Nach einem Tag Aufenthalt in Amsterdam ging es dann weiter nach Norden. Eigentlich war das Ziel Enkhuizen. Aber auch heute stimmte die Windvorhersage so gar nicht. Es begann mit fast nichts und steigerte sich dann fast schneller als wir reffen konnten auf 7 Beaufort. Das ganze natürlich direkt gegen an. Als uns dann kurz vor Volendam beim 2. Reffen auch noch die Fockschot trotz Achtknotens durch rauschte, holten wir alle Segel runter und blieben in Volendam.

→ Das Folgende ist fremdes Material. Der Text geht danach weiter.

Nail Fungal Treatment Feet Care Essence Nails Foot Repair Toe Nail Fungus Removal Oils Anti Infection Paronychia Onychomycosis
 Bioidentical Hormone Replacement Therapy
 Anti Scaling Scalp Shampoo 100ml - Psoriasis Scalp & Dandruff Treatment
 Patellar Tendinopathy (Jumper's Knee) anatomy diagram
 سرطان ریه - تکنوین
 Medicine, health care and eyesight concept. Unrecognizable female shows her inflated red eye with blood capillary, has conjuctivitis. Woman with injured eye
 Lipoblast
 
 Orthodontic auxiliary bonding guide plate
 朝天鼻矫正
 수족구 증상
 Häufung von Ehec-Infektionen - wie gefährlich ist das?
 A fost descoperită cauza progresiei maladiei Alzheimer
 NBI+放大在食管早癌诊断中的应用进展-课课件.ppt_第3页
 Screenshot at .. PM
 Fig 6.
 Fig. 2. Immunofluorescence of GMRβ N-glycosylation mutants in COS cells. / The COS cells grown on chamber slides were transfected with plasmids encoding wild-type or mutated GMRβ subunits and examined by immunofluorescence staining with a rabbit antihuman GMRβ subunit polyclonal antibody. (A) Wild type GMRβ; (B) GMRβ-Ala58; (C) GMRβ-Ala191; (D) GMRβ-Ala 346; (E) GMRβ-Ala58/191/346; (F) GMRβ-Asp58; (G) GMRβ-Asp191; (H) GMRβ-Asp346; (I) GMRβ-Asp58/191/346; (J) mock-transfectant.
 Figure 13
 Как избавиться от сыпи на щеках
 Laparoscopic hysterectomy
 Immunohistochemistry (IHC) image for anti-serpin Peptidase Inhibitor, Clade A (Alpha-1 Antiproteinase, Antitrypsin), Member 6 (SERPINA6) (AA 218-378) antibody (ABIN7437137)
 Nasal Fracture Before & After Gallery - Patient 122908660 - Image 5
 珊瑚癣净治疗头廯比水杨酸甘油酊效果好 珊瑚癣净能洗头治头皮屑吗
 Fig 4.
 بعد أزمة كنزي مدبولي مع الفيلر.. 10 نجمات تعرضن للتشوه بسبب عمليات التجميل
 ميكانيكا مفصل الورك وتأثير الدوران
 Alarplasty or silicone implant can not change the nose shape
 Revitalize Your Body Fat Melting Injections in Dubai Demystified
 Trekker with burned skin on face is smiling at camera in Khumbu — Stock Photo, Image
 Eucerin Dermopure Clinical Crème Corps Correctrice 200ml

Am nächsten Tag wieder das gleiche Spiel. Auf der Strecke Volendam bis Enkhuizen fast nichts. Kurz vor der Schleuse brauste der Wind auf. Wir hatten uns auf ein problemloses Schleusen eingestellt, weil hier anders als in Ijmoiden fast kein Schiff vor uns zur Schleuse fuhr. Dann aber nach der Kurve sahen wir womit wir nicht gerechnet hatten. Die Schiffe hatten in Dreierreihen festgemacht und andere pendelten davor hin und zurück. Die Schleuse hatte einen Stromausfall. Es dauerte ca. 1 Stunde bis wieder alles funktionierte und wir kamen auch wieder bei der 2. Schleusung mit. Diesmal konnten wir aber nicht an einer Schleusenwand festmachen, sondern mussten uns in der Mitte durch hangeln und an einem deutlich kleineren als dem unseren festmachen. Trotzdem, es klappte alles prima. Nachdem wir den Kanal in Enkhuizen verlassen hatten, wurden die Segel gesetzt und der Kurs zeigt bei 4 Beaufort mit Halbwind Richtung Hindeloopen. Traumsegeln. Der Wind entwickelte sich auf der Strecke immer mehr in Richtung 7 Beaufort und kam immer vorlicher, so dass zum Schluss wieder das 2. Reff hart am Wind stand.
Es waren segeltechnisch sportliche Tage rund Nordholland in denen wir 138 Seemeilen zurücklegten, mindestens die Hälfte der Zeit im 2. Reff gegen an waren, die aber trotz der Kälte viel Spaß gemacht haben und in denen wir wieder vieles dazu gelernt haben.